> _WHAT IS BEING ASKED_: When copying the listing below, skip every picture and keep each word as it stands.

> _INFORMATION PROVIDED_:
***
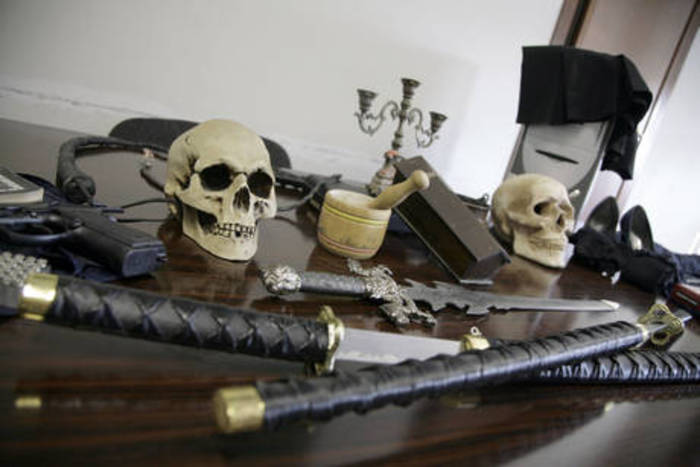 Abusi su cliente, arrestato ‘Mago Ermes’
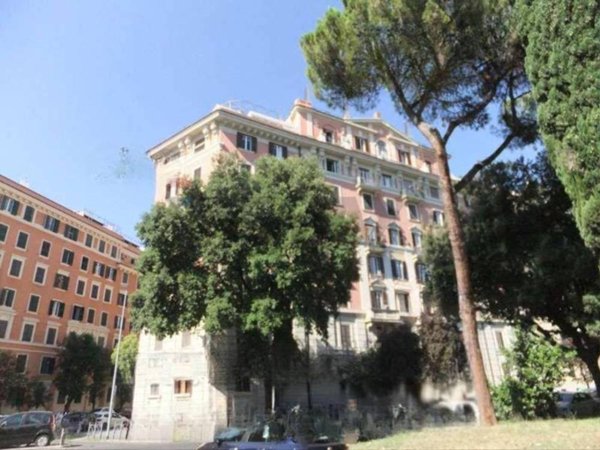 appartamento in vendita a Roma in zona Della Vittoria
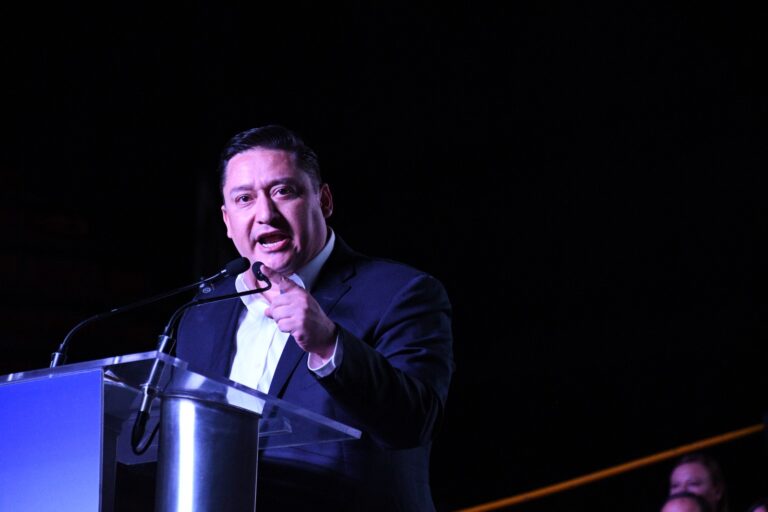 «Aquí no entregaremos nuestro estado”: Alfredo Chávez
***
> _SOLUTION TO THIS TASK_:
 Abusi su cliente, arrestato ‘Mago Ermes’
 appartamento in vendita a Roma in zona Della Vittoria
 «Aquí no entregaremos nuestro estado”: Alfredo Chávez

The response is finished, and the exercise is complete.